A scaffold fall in Manhattan triggers New York Labor Law Section 240, which creates statutory liability independent of ordinary negligence. Sakkas, Cahn & Weiss, LLP names scaffold falls and crane accidents specifically on its site rather than the generic label "construction injuries," and that distinction is worth noting at the outset. The firm handles plaintiff-side personal injury across New York, New Jersey, and Connecticut, operating four offices with 95 combined years of attorney experience across the practice group.

Outside evidence first

Sakkas, Cahn & Weiss, LLP advertises over $700 million recovered across its history.
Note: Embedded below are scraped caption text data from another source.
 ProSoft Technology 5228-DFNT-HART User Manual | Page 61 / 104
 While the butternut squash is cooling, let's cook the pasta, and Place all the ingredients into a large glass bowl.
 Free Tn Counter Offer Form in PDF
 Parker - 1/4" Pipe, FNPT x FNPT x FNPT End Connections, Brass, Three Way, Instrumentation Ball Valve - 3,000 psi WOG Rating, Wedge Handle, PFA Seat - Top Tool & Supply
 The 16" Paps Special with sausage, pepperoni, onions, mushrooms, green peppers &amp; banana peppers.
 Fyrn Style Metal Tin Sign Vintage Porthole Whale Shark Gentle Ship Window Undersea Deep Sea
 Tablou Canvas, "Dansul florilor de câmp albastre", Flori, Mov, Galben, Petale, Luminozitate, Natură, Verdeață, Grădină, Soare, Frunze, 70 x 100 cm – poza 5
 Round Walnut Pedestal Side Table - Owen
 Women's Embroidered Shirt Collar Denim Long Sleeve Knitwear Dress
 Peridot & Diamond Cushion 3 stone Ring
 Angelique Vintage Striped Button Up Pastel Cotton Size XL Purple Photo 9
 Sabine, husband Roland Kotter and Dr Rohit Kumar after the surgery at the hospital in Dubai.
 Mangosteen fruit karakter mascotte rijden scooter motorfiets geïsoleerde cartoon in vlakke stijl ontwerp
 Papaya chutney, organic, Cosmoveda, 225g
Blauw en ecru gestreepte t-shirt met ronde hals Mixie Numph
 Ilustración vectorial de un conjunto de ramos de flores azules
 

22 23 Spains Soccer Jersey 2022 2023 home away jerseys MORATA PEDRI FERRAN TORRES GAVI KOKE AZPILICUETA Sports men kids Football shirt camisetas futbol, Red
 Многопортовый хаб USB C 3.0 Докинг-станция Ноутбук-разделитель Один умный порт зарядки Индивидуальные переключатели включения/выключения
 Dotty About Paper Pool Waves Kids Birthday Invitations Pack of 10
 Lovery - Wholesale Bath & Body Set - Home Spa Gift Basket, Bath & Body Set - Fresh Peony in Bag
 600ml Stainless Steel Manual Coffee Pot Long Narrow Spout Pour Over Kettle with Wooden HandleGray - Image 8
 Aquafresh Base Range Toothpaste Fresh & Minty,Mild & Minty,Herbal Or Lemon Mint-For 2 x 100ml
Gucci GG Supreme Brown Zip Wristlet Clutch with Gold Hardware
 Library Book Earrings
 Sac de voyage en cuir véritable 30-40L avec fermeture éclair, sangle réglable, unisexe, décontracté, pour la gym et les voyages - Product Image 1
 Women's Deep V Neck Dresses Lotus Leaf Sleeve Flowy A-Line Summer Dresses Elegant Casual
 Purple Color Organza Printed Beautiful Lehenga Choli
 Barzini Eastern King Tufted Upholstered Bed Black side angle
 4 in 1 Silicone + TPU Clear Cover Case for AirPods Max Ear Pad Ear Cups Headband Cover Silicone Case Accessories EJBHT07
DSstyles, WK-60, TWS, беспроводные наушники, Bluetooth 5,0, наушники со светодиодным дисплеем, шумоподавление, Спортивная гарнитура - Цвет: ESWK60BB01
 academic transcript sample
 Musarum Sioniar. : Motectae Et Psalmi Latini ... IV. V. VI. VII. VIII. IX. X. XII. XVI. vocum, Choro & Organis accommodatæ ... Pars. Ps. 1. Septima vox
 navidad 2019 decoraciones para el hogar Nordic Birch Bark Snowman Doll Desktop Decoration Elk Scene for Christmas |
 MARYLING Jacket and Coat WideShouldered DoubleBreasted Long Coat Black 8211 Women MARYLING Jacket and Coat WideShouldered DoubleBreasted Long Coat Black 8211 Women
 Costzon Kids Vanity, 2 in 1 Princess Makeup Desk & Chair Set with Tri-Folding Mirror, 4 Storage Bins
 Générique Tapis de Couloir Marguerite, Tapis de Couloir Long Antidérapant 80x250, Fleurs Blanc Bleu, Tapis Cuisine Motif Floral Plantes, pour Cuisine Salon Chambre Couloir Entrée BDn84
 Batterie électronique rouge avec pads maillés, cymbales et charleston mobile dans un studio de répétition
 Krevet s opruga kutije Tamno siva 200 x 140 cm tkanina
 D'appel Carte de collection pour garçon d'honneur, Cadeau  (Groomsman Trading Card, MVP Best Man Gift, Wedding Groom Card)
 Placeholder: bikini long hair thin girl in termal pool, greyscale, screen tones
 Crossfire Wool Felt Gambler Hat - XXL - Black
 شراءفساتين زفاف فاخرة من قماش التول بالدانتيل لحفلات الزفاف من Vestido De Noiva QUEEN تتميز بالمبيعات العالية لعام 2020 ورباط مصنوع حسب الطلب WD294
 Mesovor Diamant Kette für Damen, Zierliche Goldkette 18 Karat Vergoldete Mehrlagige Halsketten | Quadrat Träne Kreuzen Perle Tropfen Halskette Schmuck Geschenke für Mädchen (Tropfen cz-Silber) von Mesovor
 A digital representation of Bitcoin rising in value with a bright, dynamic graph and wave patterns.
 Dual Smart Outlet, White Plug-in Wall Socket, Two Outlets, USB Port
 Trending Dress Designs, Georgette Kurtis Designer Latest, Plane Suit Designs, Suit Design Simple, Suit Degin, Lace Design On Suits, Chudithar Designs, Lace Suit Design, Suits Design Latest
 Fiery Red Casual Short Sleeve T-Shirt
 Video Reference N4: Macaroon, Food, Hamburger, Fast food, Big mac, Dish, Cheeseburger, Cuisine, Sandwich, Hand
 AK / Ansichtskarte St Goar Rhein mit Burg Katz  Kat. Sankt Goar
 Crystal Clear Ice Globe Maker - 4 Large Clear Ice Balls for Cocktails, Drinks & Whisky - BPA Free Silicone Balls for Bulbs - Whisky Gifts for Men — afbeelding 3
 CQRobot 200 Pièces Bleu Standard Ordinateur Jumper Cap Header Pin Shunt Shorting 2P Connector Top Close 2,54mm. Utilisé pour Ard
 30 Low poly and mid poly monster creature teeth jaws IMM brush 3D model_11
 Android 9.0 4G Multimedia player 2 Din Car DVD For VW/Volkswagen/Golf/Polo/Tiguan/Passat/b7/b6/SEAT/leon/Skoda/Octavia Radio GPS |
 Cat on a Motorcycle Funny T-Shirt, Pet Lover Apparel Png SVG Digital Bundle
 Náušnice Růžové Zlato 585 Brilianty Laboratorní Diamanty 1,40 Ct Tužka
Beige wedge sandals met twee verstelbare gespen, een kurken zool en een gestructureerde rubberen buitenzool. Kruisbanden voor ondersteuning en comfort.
That number cannot be checked from a listing, so the third-party record is the more relevant data point. Trustindex aggregations show 86 client ratings at a five-star average on one profile and 81 on a second. Birdeye carries five stars across 54 reviews. The New York office has a Yelp presence. BBB accreditation runs back to 2021. Named partners W. Matthew Sakkas and Adam D. Cahn both appear in Best Lawyers for plaintiff personal injury; three attorneys hold Super Lawyers or Rising Stars designations. Peer recognition and client review volume at that scale pointing in the same direction is unusual enough to reduce, though not eliminate, skepticism about the recovery figure. Those two datasets rarely align this closely by coincidence.

Practice scope

The case map at Sakkas, Cahn & Weiss, LLP is wide. Auto accidents are divided by vehicle type: cars, trucks, motorcycles, bicycles, pedestrians, rideshare collisions, drunk-driving crashes. Premises liability runs from slip-and-fall and sidewalk accidents to inadequate security cases; inadequate security claims rest on a foreseeability theory, a different build from a simple floor hazard. Construction and workplace injuries include crane accidents beyond the more common scaffold line. In New York, Labor Law statutory claims regularly produce larger recoveries than common-law negligence alone, so the firm's specificity about mechanism has practical value.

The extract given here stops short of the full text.